The new study got its start back in the 1970s, when Thomas Reimchen of the University of Victoria was studying predator-prey interactions in a remote Canadian lake. There, 22 species of trout, loons and other predators fed on stickleback fish. Despite the number of predators, the stickleback population remained steady. This was because the predators overwhelming consumed fry, juveniles and sub-adults, eating only 5 percent of the reproductively valuable adults each year.
“This situation contrasted dramatically with the commercial fishing I observed in adjacent marine waters, which were taking from 40 to 80 percent of the biomass of salmon and herring, and then predominantly the reproductive-age classes,” Reimchen recalled at a telephone press conference held on Wednesday.

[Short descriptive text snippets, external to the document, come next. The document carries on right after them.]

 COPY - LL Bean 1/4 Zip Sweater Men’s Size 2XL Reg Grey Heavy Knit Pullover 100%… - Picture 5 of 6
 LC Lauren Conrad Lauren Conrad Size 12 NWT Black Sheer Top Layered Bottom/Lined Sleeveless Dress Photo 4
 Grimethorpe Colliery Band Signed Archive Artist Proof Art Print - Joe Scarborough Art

Inspired by this ecological disconnect, Reimchen began collecting data from other studies that had looked at predators, including humans, and the characteristics of the prey they were consuming. Eventually, he and his colleagues gathered more than 2,200 data points on 399 prey species from every ocean and all the continents except Antarctica.
In some cases, such as with herbivores on land, they found that humans kill adult prey at about the same rate as non-human predators do. But the harvest of adult carnivores by humans was nine times that of other large carnivores, which were mostly killing each other through competition. In the oceans, the situation is even more dramatic. Marine predators harvest about 1 percent of adult biomass each year. Humans take a median of 14 percent—and as much as 80 percent or more in extreme cases.

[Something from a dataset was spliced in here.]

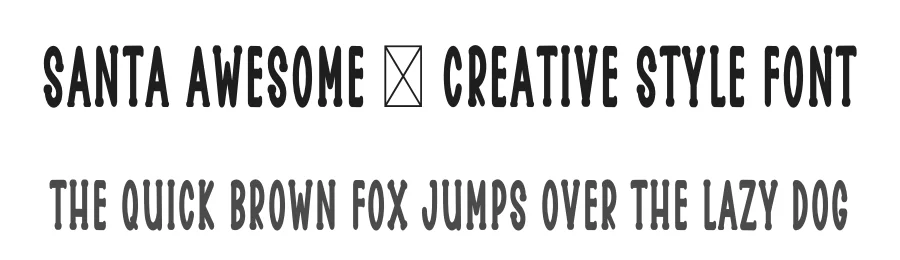 Santa Awesome – Creative Style Font by freshtypeink — Display Font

Humans target adult animals for many reasons. When processed, older animals provide more meat for the effort. Also, most fisheries and wildlife management schemes specifically call for adults to be harvested, because in theory it frees food and other resources for juveniles, lead author Chris Darimont of the University of Victoria noted at the teleconference.
“Those juveniles then grow to become adults available for harvests in the future,” he said.

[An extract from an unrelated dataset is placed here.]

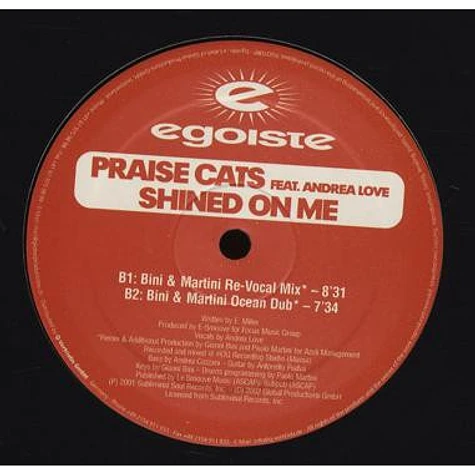 Praise Cats Feat. Andrea Love - Shined On Me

But this practice can have ramifications for a population, Darimont said, especially among fish. Old, large fish tend to produce the most offspring, sometimes hundreds of thousands of eggs in a single year. Removing those fish dials back the reproductive capabilities of the population, and it can also affect the evolution of a species. Cod, for instance, can live for more than two decades and usually start breeding around six years old. But due to fishing pressures, they currently begin breeding at four-and-a-half years old and produce fewer offspring.
The human species was able to become a superpredator through technology, which has allowed us to escape the limits usually found in predator-prey relationships. Better weapons mean that hunting and fishing are relatively safe activities, at least compared with animal hunts. Use of powerful boats and better nets means people can access deep oceans where our bodies would not survive. People can purse prey at high speed with cars and airplanes. Industrial-scale processing and refrigeration and freezing allow a human to take far more individual prey than they alone could eat. And consumers don’t have to live or work anywhere near the site where the prey lives.
Also, in natural systems, predators tend to dwindle when prey does, Darimont noted. Humans, though, not only subsidize their survival with agriculture, but they also often value certain species more highly for reasons that have nothing to do with food. “The recent spike in poaching of rare animals in Africa provides a striking example,” he said.
Transforming humans from superpredators into something more sustainable will require imposing many limitations, the researchers say. But there are some models for how it might be done. Darimont pointed to the traditional herring fishery in the Pacific Northwest, in which fish eggs (highly prized in Asia) are harvested from the kelp where they are laid rather than from the dead bodies of adult herring. And the lobster fishery in Maine has long had size limits that ensure the largest lobsters are left in the water.
Darimont adds that we'll also have to overcome some deeply held societal beliefs: “If future generations of people are to see large carnivores, then this requires cultivating new tolerance for living with them. This might include increasing revenues to local communities derived from nonconsumptive ‘uses,’ such as eco-tourism [and] shooting carnivores with cameras, not guns.”